The Petrobangla initiated inquiry was said to have found the involvement of four former high-ranking officials of the minefield. The four officials included incumbent Managing Director Habib Uddin Ahmed, former managing director SM Nurul Aurangajeb, Md Kamruzzaman, who is also a former managing director, and Md Aminuzzaman, another former managing director.

However, the claim was refuted and according to a high official of Petrobanlga, no one was named in the probe report.

==Aftermath==
The probe is still ongoing.

The Anti-Corruption Commission interrogated the former managing director (MD) of Barapukuria Coal Mining Company Limited (BCMCL) SM Nurul Aurangzeb over the ‘disappearance of coal’ from Barapukuria coal mine.

One of those accused, Md Abul Quashem Pradhania, however, blamed “system loss” for the disappearance of coal from the mine. He explained, “coal extracted from a mine is usually wet and it gets thinner as it dries up over time.”
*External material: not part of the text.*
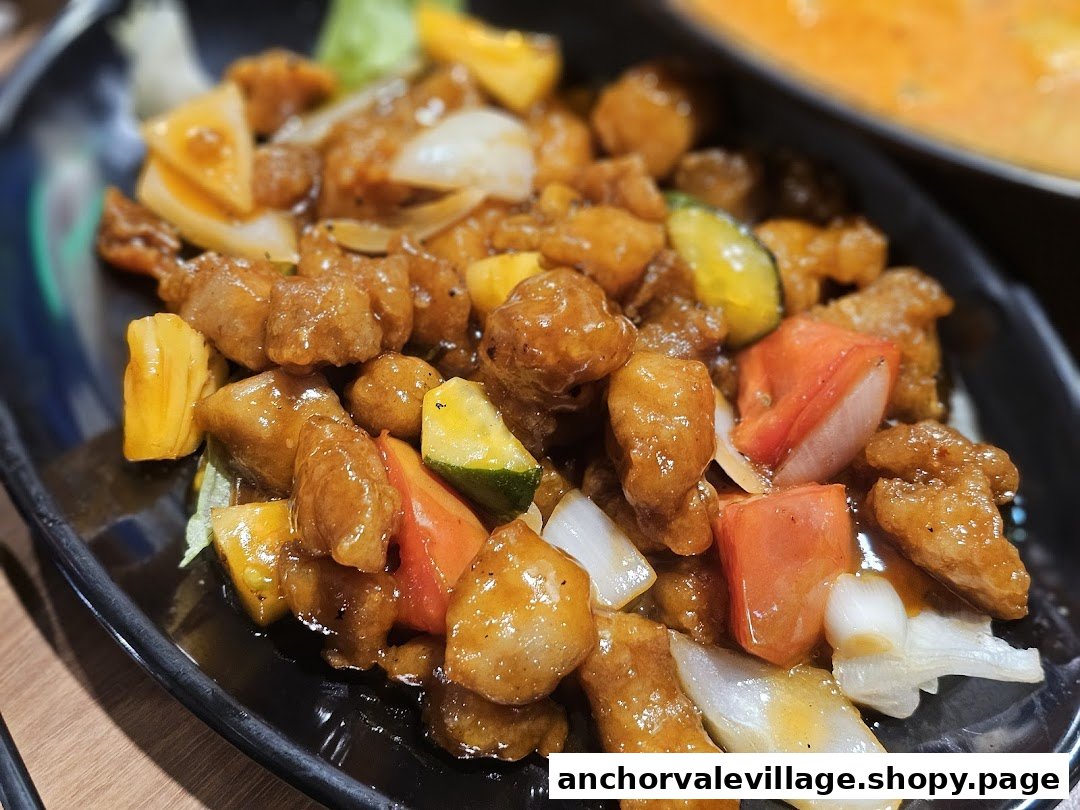 A close-up of a delicious sweet and sour dish with meat, pineapple, and vegetables on a black plate.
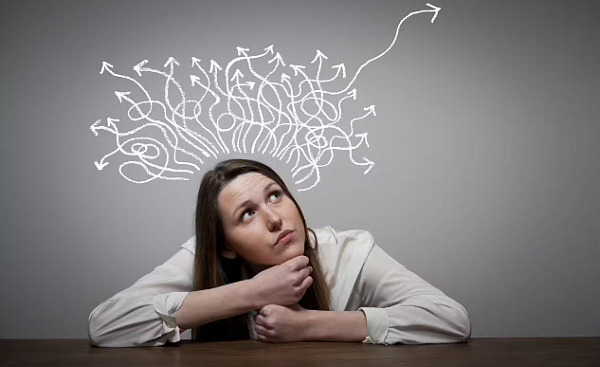 Girl thinking with arms resting on a table, arrows in different directions above her head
Bangladesh Power Development Board, due to an acute shortage of coal, shut down the Barapukuria thermal power plant in Dinajpur on 22 July. The sudden shut down resulted in irregular electricity supply to the northern region of Bangladesh that include Rangpur, Panchagarh, Nilphamari, Lalmonirhat, Kurigram, Gaibandha, Dinajpur and Thakurgaon districts.

While awaiting to resume the operation, the government of Bangladesh has sought trade with other countries to fill their need for coal.